◆ What to do ◆
Search the listing below for the line containing "Polda Riau Kirim". From there through the line containing "Used 2025 Ford", transcribe every line exactly, both ends included.

◆ Dataset content ◆
►

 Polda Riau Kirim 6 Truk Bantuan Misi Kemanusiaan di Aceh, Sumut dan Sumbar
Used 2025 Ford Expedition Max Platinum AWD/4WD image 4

◄
►

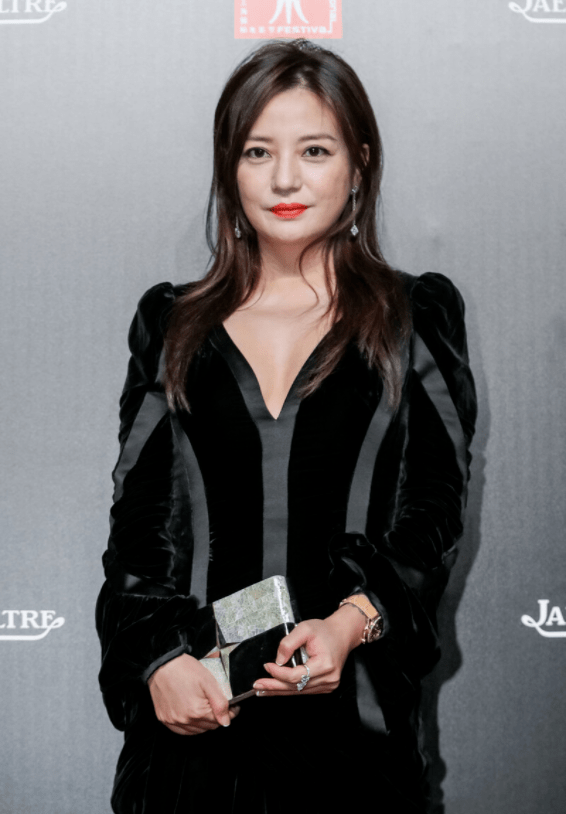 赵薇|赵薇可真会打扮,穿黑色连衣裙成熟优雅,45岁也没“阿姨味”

◄

◆ Answer for this exercise ◆
 Polda Riau Kirim 6 Truk Bantuan Misi Kemanusiaan di Aceh, Sumut dan Sumbar
Used 2025 Ford Expedition Max Platinum AWD/4WD image 4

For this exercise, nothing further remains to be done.